Yes, the middle coil on the rear bank is #3. Front bank is 2,4,6 and rear is 1,3,5. 

As far as the plugs, platinum plugs can be gapped initially but not after they've been run. Also, you picked the wrong plugs. The only plugs that should be used in a Nissan engine are NGK's. In your case you should have used NGK laser platinums #PLFR5A-11 (stock#6240), which is the original equipment plug. If you had a code for #3 misfire, it's typically the ignition coil or the plug.


----------



## edortir6 (May 26, 2006)

Thanks smj999smj, I changed the ignition coil, all is good right now. As for the plugs, a friend of mine told me to get NGK after I already put the Autolite plugs in. I can't understand why they would sell them for a Nissan if you really should not put them in a Nissan. So, being that they cost $4 a pop should I get them out ASAP anyway?


----------



## edortir6 (May 26, 2006)

So I put NGK plugs and 3 new coils in the back (1,3,5) and there is still a misfire. cylinder 3 is actually melting the coils. I had someone look at the car and after messing with it for a few days he called his son which owns shop. His son said he's come across this problem a few times with this car. He said it turned out to be the computer. I'm planning on taking the car to the dealer so they can hook it up to the computer and find out what's going on.


----------



## edortir6 (May 26, 2006)

So, Nissan tells me the #3 fuel injector is no good, all the plugs need to be changed and all the fuel injectors should be replaced for $1400. If I want to just change the one fuel injector and the plugs it'll be $700. I can't afford either option. They say the fuel injectors are $130+. I found a few online from $40 - $100 all OE replacement. I may just get it from Nissan and hope that fixes the problem.


----------



## Nickaltima (Jan 11, 2008)

im still failing to see the reason your coil pack is melting from a bad fuel injector..and also the fuel injector is extremely easy to change even for someone with no experience under a hood..just look into it man save your self like 600 bucks also if you are going to get all new 1s there are quite a few places that will hook them up to a machine specially made for cleaning injectors and they will clean and test to make sure they flow to OE specs and should send you documentation that they do so


----------



## Outkast (Jan 29, 2006)

The coils melting/blistering is a grounding issue.
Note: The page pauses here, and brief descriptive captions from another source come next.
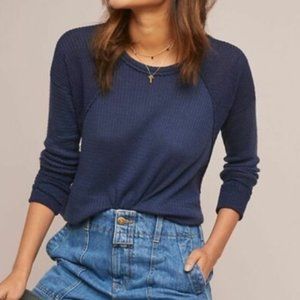 Anthropologie Blue Waffle Knit Top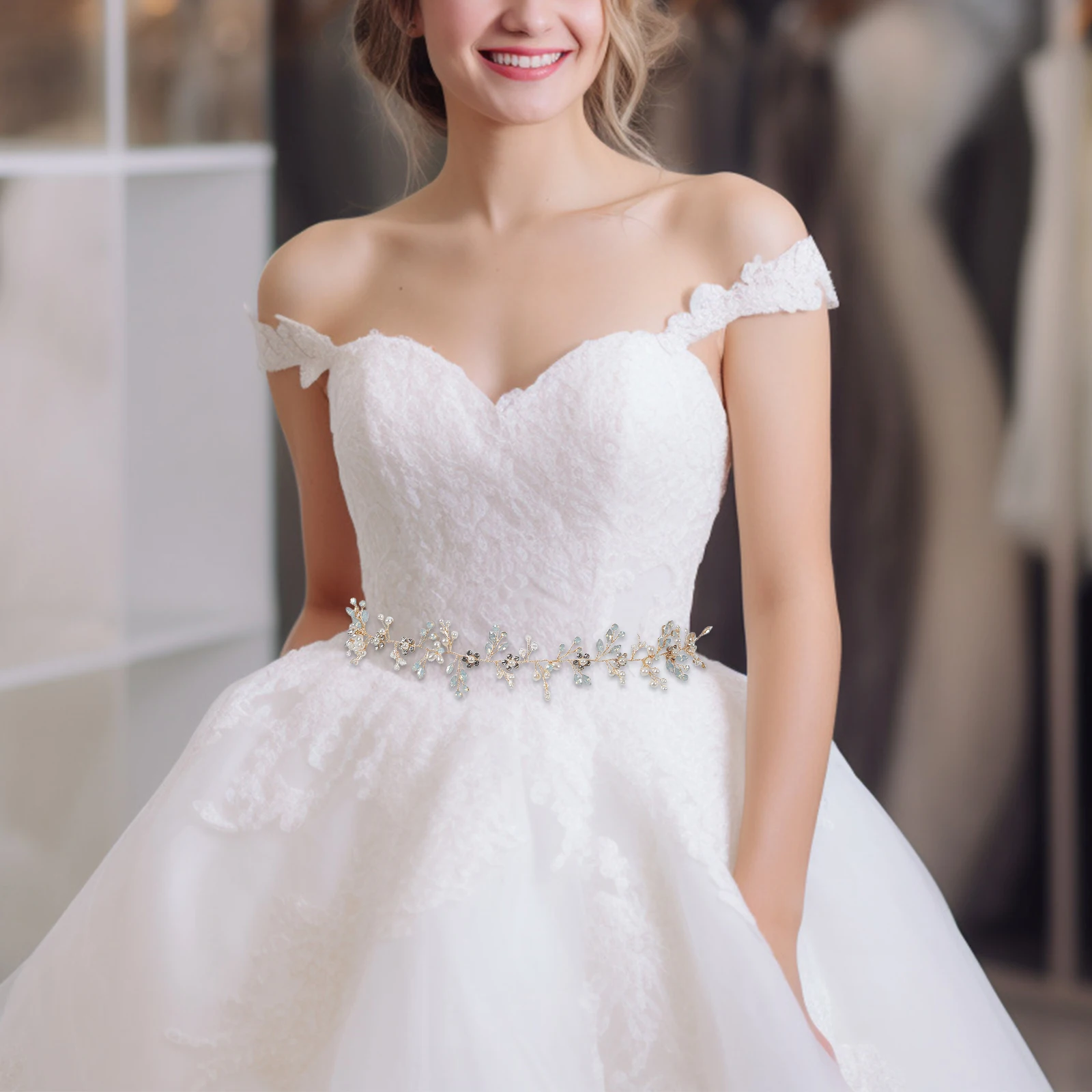 

Bridal Belt Sash Wedding Waist Belt Durable Lightweight Chain Belts for Dresses Handmade Accessories Bridesmaid Party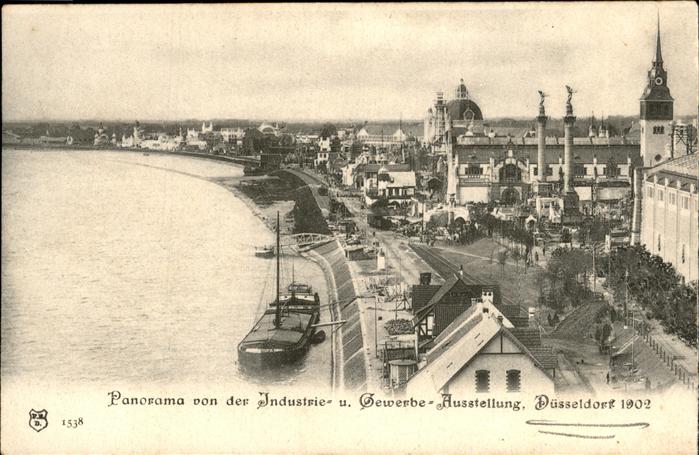 DuessELDORF  CITY Panorama Gewerbe Ausstellung 1902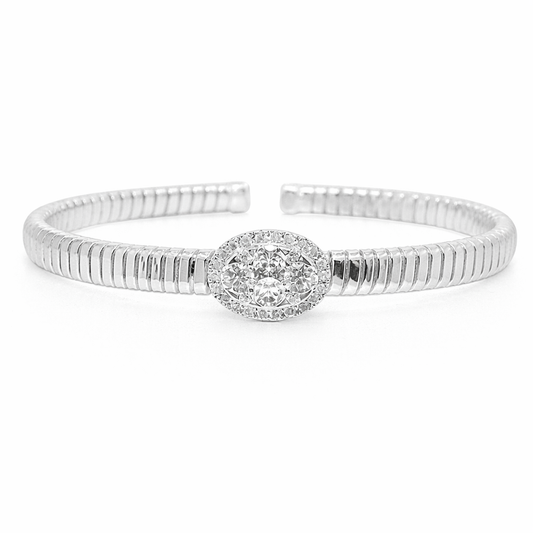 0.64CT Diamond Bangle 14k White Gold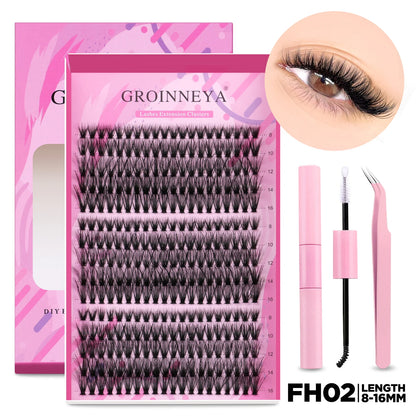 GROINNEYA DIY Lash Extension Kit – Cluster & Individual Lashes Set with Lash Bond & Seal for At-Home Eyelash Extension Makeup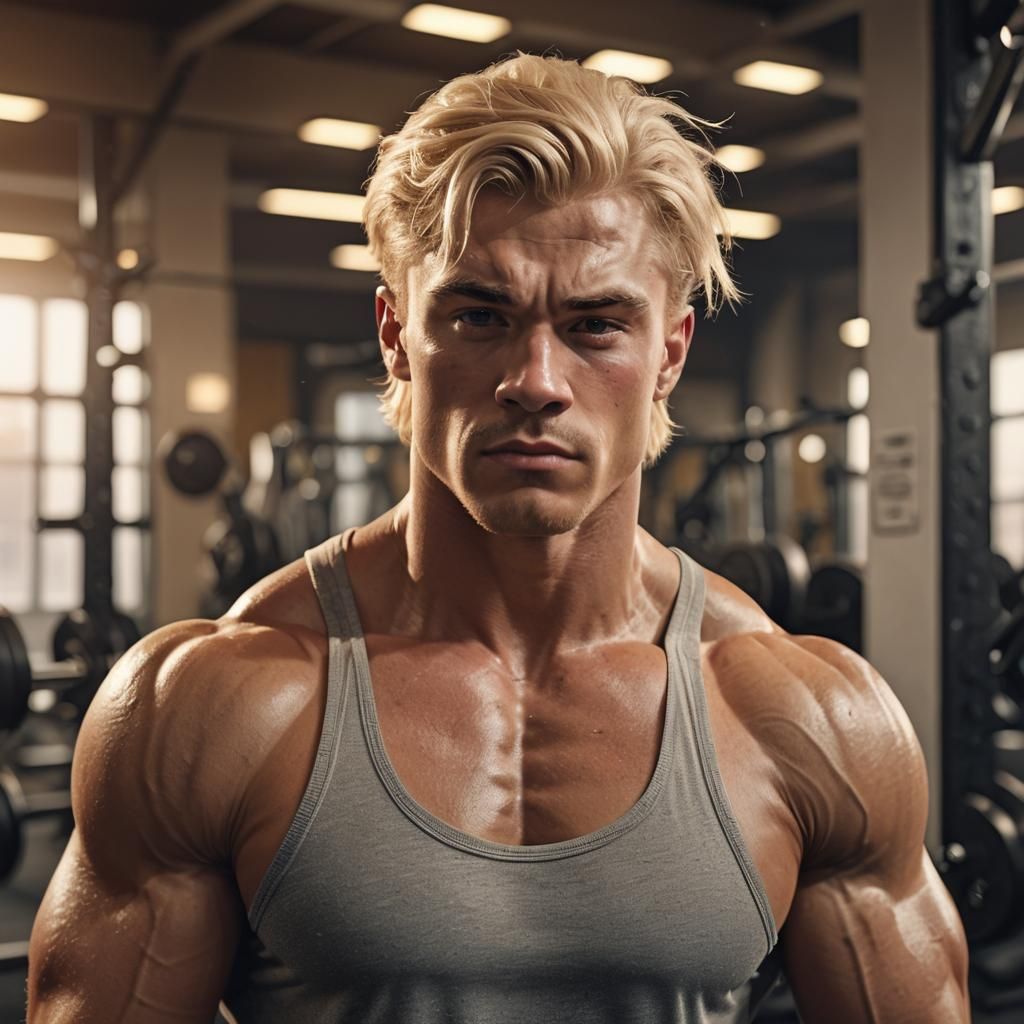 Hyperrealistic Portrait of Blonde Bodybuilder in Gym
The VQ Maximas and Altimas have this issue where the grounding cable under the battery, at the tranny, is breaking almost completely causing a poor ground path. And in a few extreme cases carrosion between the engine block and tranny housing is doing the same.


----------



## edortir6 (May 26, 2006)

I'll be changing the fuel injector myself. Just picked it up yesterday. As for the grounding issue, a friend of mine told me the same thing, I'll have to look into that. I know my father changed the negative cable for some reason. I bet it has something to do with that.


----------



## edortir6 (May 26, 2006)

So, $400 later I changed the fuel injector as was suggested by Nissan and the problem has not been solved. I tested the injector that was replaced and the injector works fine. I called Nissan to give them the update and they told me to take the car back to them so they can check it out at no cost to me.....yeah, thanks!

I spoke with a mechanic up north and he told me that he has come across this problem 3 times before with this particular maxima. He changed the brain on all 3 maximas and that solved the problem.


----------



## Outkast (Jan 29, 2006)

Replacing the ECM is one of the corrections in the bullatin for the response I gave earlier


----------



## edortir6 (May 26, 2006)

Found a few ECM's online $200 - $300, what do u think should I get it. Does nissan have to install it or can I find a shop around town to install and reprogram?


----------



## Nickaltima (Jan 11, 2008)

its easier to swap a pcm then to change oil lol


----------



## edortir6 (May 26, 2006)

Still need to reprogram it.


----------



## edortir6 (May 26, 2006)

Finally got tthe ECM changed and so far so good. Hopee i didn't just jinx it.


----------



## edortir6 (May 26, 2006)

I got a new tag for the car yesterday and finally drove it home (about 30 miles) from Nissan. Just as I turned on to my road the engine light comes on and the car starts misfiring again. I spent the rest of the afternoon under the hood changing the same coil and pulling out the negative cable for the battery. I cleaned everything the cable is connected to including the little plug that goes from the tranny to the frame. Aftward the car was fine. I drove the car to work today which is about 30 miles one way as well and when I turned on to my road it starts misfiring again. I haven't gotten under the hood yet, but i suspect it to be the same coil. I'm ready to take the loss and sell the car as is.


----------



## Outkast (Jan 29, 2006)

Check the ground path for the ECM. On the drivers side of the center console there is a a bracket that bolts the crash bar to the floor. About a foot and a half from the bulkhead. That is the ground path for the ECM. I had one that had the carpet pulled out for a full interior detail and the ECM kept frying coils. The carpet was actually pinched in between the 2 surfaces cause a poor ground path. I fixed the situation and no more melted coils. I actually argued with 3 differant techline guys till I finally called a engineer friend at the plant that told me about this problem they've been seeing.


----------



## edortir6 (May 26, 2006)

I'll check that tomorrow. I'm also thinking about buying a new negative cable.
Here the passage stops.